Architecture students from the University of Cambridge have built a shantytown at the entrance to the Eden Project.
Architecture sans Frontières, a Cambridge student society and part of an international network of architects engaging with developing countries, teamed up with the Eden Project last week for a five-day course entitled ‘Building Communities’. It was the first time such a course has been held in the UK.
The shantytown was built with waste materials from a new phase of building at the Eden Project. The contrast between the futuristic Biomes of Eden and the shacks, in which the majority of the world’s urban population live, was stark. Visitors to Eden peered into the shacks to see how one person’s waste becomes another person’s home.

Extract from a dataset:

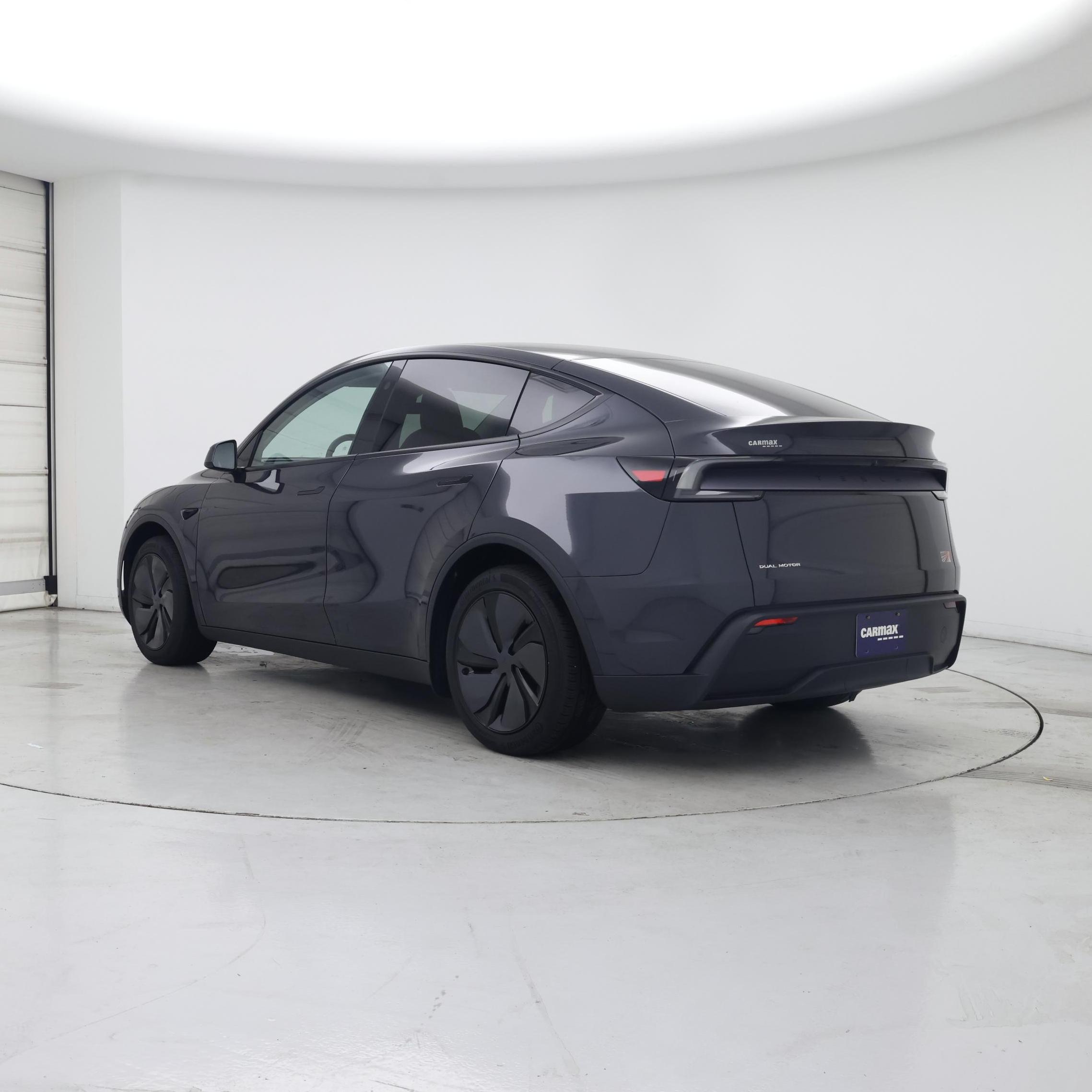 Thumbnail: 2026 Tesla Model Y - 2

The shack building exercise was just one of the learning exercises on the week-long course, which included seminars on technology, community planning, as a session on ‘Waste as an Asset’, lead by the Eden’s Sustainability Director, Chris Hines.
In this way, the course challenged the idea of ‘compartmentalised education’ where ‘first you learn, and then you do’. This course invited architects to do both, and to live in the shacks that they had built. The course also explored the technical responsibilities of professionals to ensure barriers to long-term community development are overcome.
The course was supported by the University of Cambridge Active Community Fund.